Hendak Pulang Kerumah, Yusri Aktifis Anti Korupsi Ditodong Senjata
Yusri Paneddu (41) salah seorang aktivis anti korupsi di Makassar yang tergabung dalam APAK Republik Indonesia, mengalami pengeroyokan yang mengaku anggota polisi.

KabarMakassar.com -- Yusri Paneddu (41) salah seorang aktivis anti korupsi di Makassar yang tergabung dalam Aliansi Peduli Anti Korupsi (APAK) Republik Indonesia, mengalami pengeroyokan oleh beberapa orang yang mengaku anggota polisi. 

Aksi Pengeroyokan tersebut dialami oleh Yusri saat hendak pulang ke rumahnya di Jalan Boulevard, Perumahan Villa Mutiara Garden, Kelurahan Bulurokeng, Kecamatan Biringkanaya, Makassar, tanggal 12 Juli 2019 sekitar pukul 01.00 WITA.

Yusri menceritakan awal mula kejadian tersebut dimana dirinya berangkat dari rumah keluarga di Kabupaten Maros, dalam pejalanan pulang dengan mengendarai sepeda motor miliknya ia merasa diteriaki oleh sejumlah orang yang tidak ia kenal.

Tak merespon orang tersebut, Yusri pun melanjukatkan perjalananya.
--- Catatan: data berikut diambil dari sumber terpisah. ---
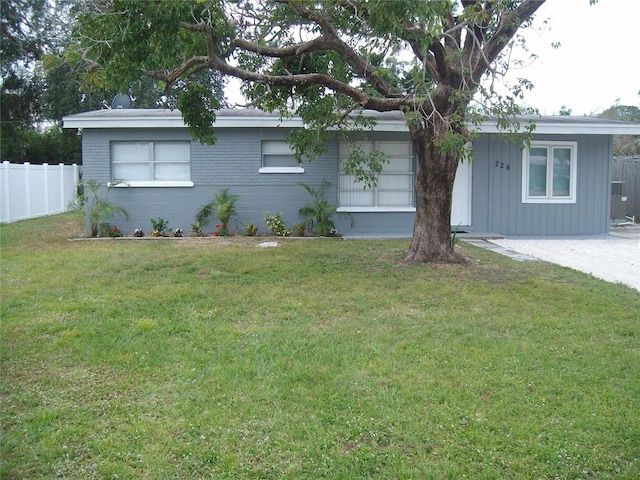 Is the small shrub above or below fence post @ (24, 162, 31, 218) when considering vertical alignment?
below

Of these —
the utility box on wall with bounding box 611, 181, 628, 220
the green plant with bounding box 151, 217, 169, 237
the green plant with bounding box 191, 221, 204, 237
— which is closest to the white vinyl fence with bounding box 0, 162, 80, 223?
the green plant with bounding box 151, 217, 169, 237

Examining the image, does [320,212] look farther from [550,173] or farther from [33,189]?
[33,189]

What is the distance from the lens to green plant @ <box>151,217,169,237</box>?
13297 mm

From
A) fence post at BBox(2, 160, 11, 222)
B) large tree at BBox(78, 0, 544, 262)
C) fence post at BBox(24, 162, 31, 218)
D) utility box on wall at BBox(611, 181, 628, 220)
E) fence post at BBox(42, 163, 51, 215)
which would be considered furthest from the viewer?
fence post at BBox(42, 163, 51, 215)

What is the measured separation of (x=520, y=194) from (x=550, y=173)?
905 millimetres

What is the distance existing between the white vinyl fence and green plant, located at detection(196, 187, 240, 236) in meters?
6.58

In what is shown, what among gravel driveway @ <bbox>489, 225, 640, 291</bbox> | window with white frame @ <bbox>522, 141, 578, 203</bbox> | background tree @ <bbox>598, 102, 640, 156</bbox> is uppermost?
background tree @ <bbox>598, 102, 640, 156</bbox>

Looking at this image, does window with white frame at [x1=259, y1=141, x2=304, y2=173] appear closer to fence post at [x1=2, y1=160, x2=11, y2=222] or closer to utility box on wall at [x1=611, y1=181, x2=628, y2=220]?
fence post at [x1=2, y1=160, x2=11, y2=222]

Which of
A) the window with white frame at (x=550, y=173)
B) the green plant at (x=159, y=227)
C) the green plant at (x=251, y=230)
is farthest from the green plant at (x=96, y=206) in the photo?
the window with white frame at (x=550, y=173)

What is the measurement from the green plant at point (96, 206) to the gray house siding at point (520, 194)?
840cm

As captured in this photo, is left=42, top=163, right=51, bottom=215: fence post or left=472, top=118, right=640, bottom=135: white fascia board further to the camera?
left=42, top=163, right=51, bottom=215: fence post

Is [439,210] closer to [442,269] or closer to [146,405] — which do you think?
[442,269]

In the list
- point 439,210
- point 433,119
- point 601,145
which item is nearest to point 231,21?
point 433,119

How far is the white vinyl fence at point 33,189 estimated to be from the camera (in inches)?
652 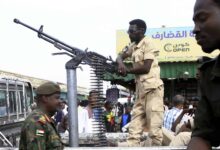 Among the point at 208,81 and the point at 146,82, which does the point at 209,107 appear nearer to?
the point at 208,81

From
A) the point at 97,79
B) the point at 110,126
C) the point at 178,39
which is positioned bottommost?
the point at 110,126

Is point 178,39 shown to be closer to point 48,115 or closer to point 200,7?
point 48,115

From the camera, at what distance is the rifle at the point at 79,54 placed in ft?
12.9

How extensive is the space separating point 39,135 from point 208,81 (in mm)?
1821

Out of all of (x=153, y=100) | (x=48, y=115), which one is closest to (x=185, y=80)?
(x=153, y=100)

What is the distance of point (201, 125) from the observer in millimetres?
1609

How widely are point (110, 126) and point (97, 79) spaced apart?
6.51 metres

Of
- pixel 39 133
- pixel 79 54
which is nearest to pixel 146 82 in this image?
pixel 79 54

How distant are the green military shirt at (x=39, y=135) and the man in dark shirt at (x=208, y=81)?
67.5 inches

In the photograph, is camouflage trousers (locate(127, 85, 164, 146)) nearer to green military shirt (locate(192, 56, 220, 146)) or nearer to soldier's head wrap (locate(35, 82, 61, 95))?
soldier's head wrap (locate(35, 82, 61, 95))

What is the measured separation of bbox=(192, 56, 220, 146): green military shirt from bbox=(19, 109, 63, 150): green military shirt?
67.5 inches

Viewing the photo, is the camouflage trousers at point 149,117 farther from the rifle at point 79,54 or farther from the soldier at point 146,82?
the rifle at point 79,54

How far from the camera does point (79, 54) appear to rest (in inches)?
155

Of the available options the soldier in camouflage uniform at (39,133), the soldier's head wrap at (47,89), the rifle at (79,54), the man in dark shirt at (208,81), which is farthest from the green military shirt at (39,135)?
the man in dark shirt at (208,81) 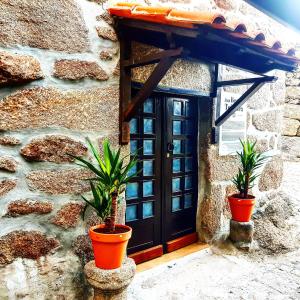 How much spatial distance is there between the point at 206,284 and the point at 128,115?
135 centimetres

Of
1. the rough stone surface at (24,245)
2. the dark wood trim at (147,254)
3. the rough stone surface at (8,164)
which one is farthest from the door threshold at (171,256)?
the rough stone surface at (8,164)

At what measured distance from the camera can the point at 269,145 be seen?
142 inches

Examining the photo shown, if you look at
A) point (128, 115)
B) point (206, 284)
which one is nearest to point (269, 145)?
point (206, 284)

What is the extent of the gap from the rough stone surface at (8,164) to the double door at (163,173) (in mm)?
949

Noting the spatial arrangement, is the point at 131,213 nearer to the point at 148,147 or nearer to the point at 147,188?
the point at 147,188

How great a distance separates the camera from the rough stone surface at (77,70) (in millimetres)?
1717

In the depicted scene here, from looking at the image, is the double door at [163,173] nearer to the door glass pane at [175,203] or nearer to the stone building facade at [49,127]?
the door glass pane at [175,203]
Setelah sampai di pos sekuriti ia pun berhenti karena penasaran dengan teguran tersebut.

"Saya singgah bertanya ke sekuriti lalu bertanya apakah knalpot motor saya suaranya bising, sehingga orang di sana teriaki saya. Sekuriti bilang tidak ada masalah," terang Yusri. 

Namun pada saat berbincang-bincang dengan sekuriti, Yusri tiba-tiba didatangi oleh sekitar 5 orang pemuda yang mengaku sebagai anggota Polisi dan langsung mengeroyok Yusri. 

"Saya hendak melawan tapi tiba-tiba pelaku menodongkan senjata ke arah saya lalu berkata saya anggota (Polisi) jangan melawan, saya tembak kau," jelasnya. 

Tak terima dengan pengeroyokan tersebut ke esokan harinya (13 Juli 2019) Yusri melaporkan kejadian tersebut yang menimpah dirinya ke Polda Sulsel namun ia diarahkan ke Polsek Biringkanaya. 

"Saya sudah laporkan ke Polsek Biringkanaya Makassar dengan bukti LP Nomor: 1647/VII/2019/Polrestabes Makassar/Polsek Biringkanaya tertanggal 13 Juli 2019, tapi penanganannya lamban sudah tiga pekan tak ada kepastian hukum," sambung Yusri. 

Yusri telah menyerahkan bukti visum dari rumah sakit sesuai dengan petunjuk penyidik namun sampai hari ini kasus tersebut belum ada kelanjutanya. 

"Sangat disayangkan sikap penyidik Polsek Biringkanaya Makassar, yang hingga saat ini belum memberikan kepastian hukum penanganan kasus pengeroyokan yang saya alami ini," ungkapnya. 

Pada saat hendak diklarifikasi, Kapolsek Biringkanaya, Makassar, Kompol Ashari tidak meberikan keterangan apapun dengan alasan dirinya sementara rapat. 

"Tungguya saya masih rapat di Polda," kata Kompol Ashari saat dikonfirmasih lewat via telpon.